What are your plans for it?

----------


## David.Elliott

That's quite a sweet cottage you've got there. I'd love to get my hands on a projesct like that so long as I could do it rather than my day job...

----------


## travelislife

> At a guess, are you around the Yarraville area? I'd love to get stuck into a project like yours, but after doing 3 of them, I know what takes precedence in my life these days.  Good luck.

  Close for sure! But not in Yarraville. 3 of them, geeze you have done well! Other than some minor renovation works on an investment property this will be the first full blown renovation I have undertaken. But I thought at 29 it was now or never as life changes down the track!    

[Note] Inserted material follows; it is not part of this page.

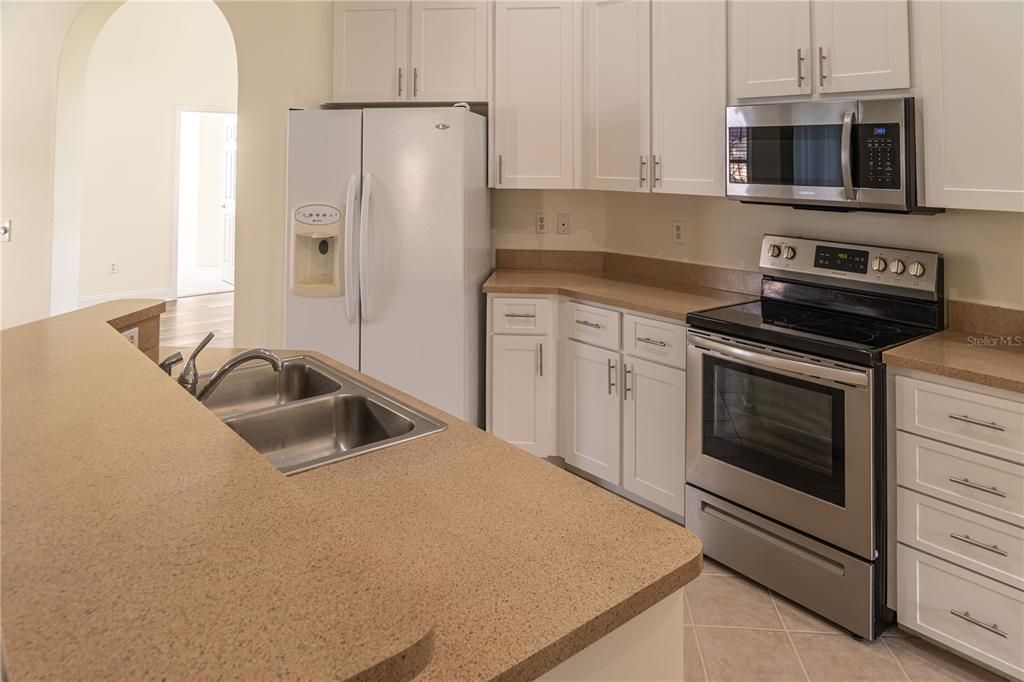 Active With Contract: $474,990 (4 beds, 2 baths, 2098 Square Feet)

> Ha ha, one of mine was like that with the concrete ... and then there were bricks underneath!  
> What are your plans for it?

  Haha, yea 'hopefully' it is just a 150 or so concrete slab. Though in saying that I have heard plenty of horror stories of people finding all manner of things buried in backyards. It seems it was a common repository for all excess building materials back in the day. 
Plan is to hopefully retain/renovate the front 4 rooms and knock the back off. Getting some preliminary drawings done up at the moment. Will post when we are closer to locking down a floor plan.   

> That's quite a sweet cottage you've got there. I'd love to get my hands on a projesct like that so long as I could do it rather than my day job...

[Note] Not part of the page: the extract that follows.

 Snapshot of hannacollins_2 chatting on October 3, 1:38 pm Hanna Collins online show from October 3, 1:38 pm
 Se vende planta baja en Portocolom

  Yes that is going to be the interesting bit. Trying to keep the day job and life ticking along at the same time!

----------


## OBBob

You'll be right. You find you get drawn into and if your dedicated it'll progress fairly quickly. The layout is quite good, often the kitchen is tuck somewhere in the middle ... but you generally have the services where you want them already. Look forward to following.

----------


## David.Elliott

For a number of years my FIL, as a builder in a partnership, made quite a good living buying, fixing, selling for a profit..until the partner emptied the bank account and pi##ed of back to the US...Clyde never quite recovered from that. 
One worthwhile tip that he gave me years ago,  
Top and tail first, ie: get the foundations and roof right first of all, otherwise everything you do in the middle is potentially wasted...

----------


## SilentButDeadly

I'd go with tail first... 
In fact I'd strip that sucker right back to the frame, including floor, ceiling & wall cladding.  Just so you and your builder can see what you need to deal with both in and especially under the part of the building you want to keep. Then do your plans...and only then knock what you don't want (kitchen, bathroom, laundry) down. 
Failing that....you can easily fit a Cat 9 through that gateway in the front fence.

----------


## OBBob

> Failing that....you can easily fit a Cat 9 through that gateway in the front fence.

  
It's all personal preference ... but you may want the D9 to take the front fence too.  :Smilie:

----------


## SilentButDeadly

> It's all personal preference ... but you may want the D9 to take the front fence too.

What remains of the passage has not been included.